A kind of algorithm retrieving identical master slave relation data based on relational database from large data

Technical field

The present invention relates to based on relational database, be specifically related to a kind of algorithm retrieving identical master slave relation data based on relational database from large data.

Background technology

Enter large data age, with data-driven development, thus raising business decision ability and public service quality become enterprise's trend.For in the analysis of mass data, data type comprises structural data, unstructured data, semi-structured data, and wherein structural data includes again simple structure data and complex types of data.For simple structured data, such as character type, digital data directly can carry out statistical study by database SQL, such as, GROUPBY statement can be utilized to carry out Querying by group, thus find out identical data; Also can compare the circulation of data in employing program, thus find out data completely.When mass data, namely the Data Comparison of this simple types can significantly improve calculated performance by optimization data storehouse, optimized algorithm.But for the analyses and comparison of master slave relation data, then lack efficient search method easily.

Summary of the invention

Technical assignment of the present invention is for the deficiencies in the prior art, provides a kind of algorithm retrieving identical master slave relation data based on relational database from large data.For magnanimity host-guest architecture data in business data, provide a kind of quick-searching to go out the method for identical recordings, thus provide data supporting for the management and control analysis of enterprise.

The technical solution adopted for the present invention to solve the technical problems is:

A kind of algorithm retrieving identical master slave relation data based on relational database from large data, it is a kind of algorithm carrying out comparing in mass data, adopt " changing little greatly; point behind first face ", utilize packet traverses, middle table to store scheduling algorithm and progressively reduce comparing scope, efficient retrieval goes out identical record.

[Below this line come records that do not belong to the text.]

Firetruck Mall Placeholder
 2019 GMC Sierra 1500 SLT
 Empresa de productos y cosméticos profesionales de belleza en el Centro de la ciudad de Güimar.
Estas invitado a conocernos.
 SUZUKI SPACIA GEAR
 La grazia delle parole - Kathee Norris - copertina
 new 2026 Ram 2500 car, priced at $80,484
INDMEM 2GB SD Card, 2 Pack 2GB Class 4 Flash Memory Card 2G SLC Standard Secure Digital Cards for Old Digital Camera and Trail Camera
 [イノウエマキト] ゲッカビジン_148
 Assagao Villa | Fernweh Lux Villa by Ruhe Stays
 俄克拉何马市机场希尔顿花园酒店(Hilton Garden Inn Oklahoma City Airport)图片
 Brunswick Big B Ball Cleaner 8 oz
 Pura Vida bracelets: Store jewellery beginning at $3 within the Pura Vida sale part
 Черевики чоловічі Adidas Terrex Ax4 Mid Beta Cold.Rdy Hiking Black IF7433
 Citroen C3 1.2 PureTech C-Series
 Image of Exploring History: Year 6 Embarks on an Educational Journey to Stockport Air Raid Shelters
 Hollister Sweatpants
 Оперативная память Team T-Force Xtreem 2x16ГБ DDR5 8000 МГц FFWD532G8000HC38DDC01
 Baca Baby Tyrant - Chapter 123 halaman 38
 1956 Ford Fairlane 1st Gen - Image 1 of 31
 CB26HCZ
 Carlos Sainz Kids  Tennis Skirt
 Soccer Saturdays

By extract master-salve table grouping according to-determine order of packets-performs grouping, in execution grouping process, progressively reduce the algorithm of data area in conjunction with ergodic algorithm and middle table storage.

Of the present inventionly a kind ofly from large data, retrieve the algorithm of identical master slave relation data compared with prior art based on relational database, the beneficial effect produced is: the present invention is directed to magnanimity host-guest architecture data in business data, and the method that quick-searching goes out identical recordings is applicable to the various situations that needing in enterprise managing retrieves identical host-guest architecture data.The retrieval of same order data, can be applicable to enterprise's falsifying management.Enterprise's falsifying can upset the market order of enterprise product, causes market to engage in internal strife, price is chaotic, have a strong impact on manufacturer's reputation.For the management and control analysis of enterprise's falsifying, will by embodying the analysis of order, wherein analysis mode is exactly find out an identical order from magnanimity order, then whether has that artificial malice brushes list, false order, internal staff gang up down the situation that goods etc. causes falsifying by finding out the judgement of same order.Finally, strengthen the management and control ability of enterprise, for better market environment is built by enterprise, improve enterprise competitiveness.

Accompanying drawing explanation

Fig. 1 is this algorithm steps figure.

Fig. 2 is the entity relationship diagram of master slave relation data instance, order data.

Fig. 3 is the algorithm steps figure retrieving same order in example.

Embodiment

Below a kind of algorithm retrieving identical master slave relation data based on relational database from large data of the present invention is described in detail below.

From large data, retrieve an algorithm for identical master slave relation data based on relational database, adopt " changing little greatly, point behind first face ", utilize packet traverses, middle table to store scheduling algorithm and progressively reduce comparing scope, efficient retrieval goes out identical record.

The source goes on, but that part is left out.